Star Trek: Discovery Choose Your Pain Review
Star Trek: Discovery: Season 1, Episode 5: Choose Your Pain offers the first great moral quandary of the series and a new take on a character from The Original Series.
As far as characters from TOS who had a chance of reappearing in the series go, chances are Harry Mudd – or Harcourt Fenton Mudd, as he refers to himself this time around – was hardly the first to come to mind. Even less likely was the possibility that the role originated by the deliciously sissified Roger C. Carmel would be taken over by Rainn Wilson, that decidedly unsissified alum of The Office. Yet not only has Mudd returned for last week’s episode, but much like Starfleet and the Federation this time around, we get to see an edgier side to the space-hopping con man.

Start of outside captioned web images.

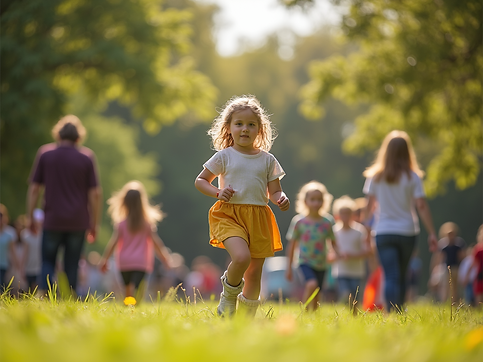 A vibrant, bustling scene of diverse parents and children enjoying a sunny day in a London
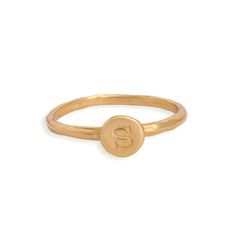 "Mix and match! Stack and spell! Say whatever you want with these stackable alphadot rings. Spell a child's name, stack your initials, or get one initial for each child or grandchild. **This listing is for one 24K gold vermeil alpha dot ring. Each ring has one letter or symbol. Symbols include a heart, cross or \"&\"** This ring looks great when paired with our stackable birthstone rings. Check out this listing!: https://www.etsy.com/listing/230748928 This ring is also available in SILVER he Adjustable Yellow Gold Initial Ring, Stackable Initial Ring, Personalized Yellow Gold Stackable Round Rings, Gold Stackable Circle Rings As Gift, Gold Stackable Rings As Gift, Gold Stackable Rings Made Of Recycled Gold, Adjustable Round Midi Rings In Recycled Gold, Adjustable Recycled Gold Midi Rings, Gift Hammered Yellow Gold Midi Rings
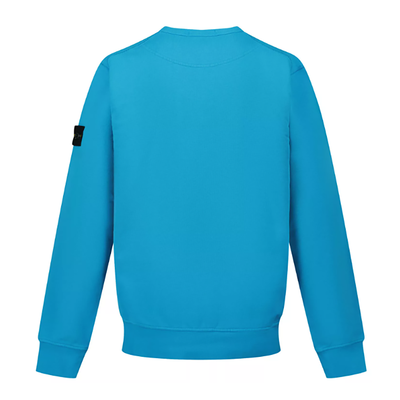 STONE ISLAND JUNIOR COTTON FLEECE SWEATER IN BRIGHT BLUE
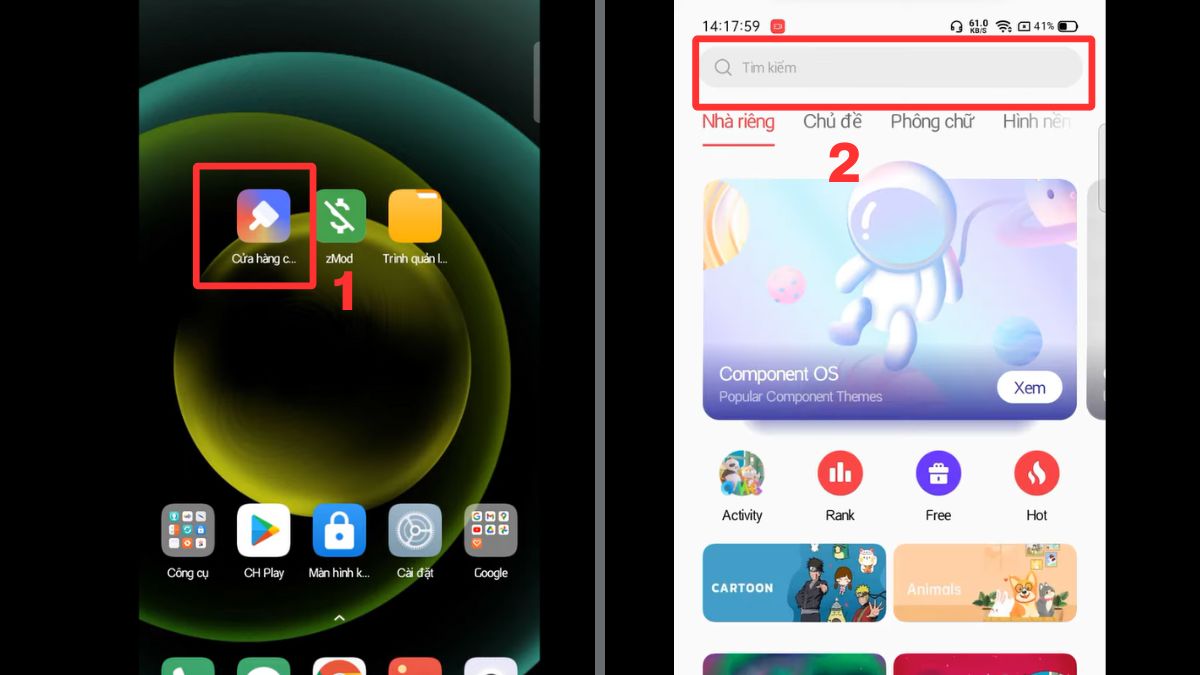 Cách biến OPPO thành iPhone - Sử dụng Theme Store bước 1, 2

This is as much a revelation for Mudd as it is for Wilson, whose breakout character Dwight erred more on the side of absurdity than untrustworthiness. But Wilson proves to be more than up to the task, convincingly delivering a populist bromide against Captain Lorca (Jason Isaacs) and the organization he represents for driving him into illicit business and plunging humanity into war with the Klingons. This isn’t to say that Mudd has completely had his claws sharpened – indeed, he’s all too relieved when it appears that Lorca is going to sacrifice their cellmate to their Klingon captors and spare his life – but he is certainly a more formidable presence now, and one that I’m looking forward to see more of.
On the more philosophical side of things, the show builds on the ethical issues surrounding the Discovery’s use of the tardigrade for navigational purposes and presents with a classic Trek quandary: can Starfleet break its duty to not harm sentient life if it conflicts with its duty to survive? It’s a question that’s only resolved when Lt. Stamets (Anthony Rapp) substitutes himself for the creature when the ship goes into warp, sparing the life of the tardigrade as well as proving his theory that other life forms can travel the way it does.
On the subject of Stamets, the program does an extraordinary job of treating his relationship with Dr. Culber (Wilson Cruz) not as the premise of a “very special episode” but as an ordinary romantic partnership. It may be per the course in the enlightened future of Trek, but in 2017, it’s still refreshing to see LGBT characters treated as human beings instead of political novelties. Hopefully, it is also an indication of the quality of future installments of Star Trek: Discovery.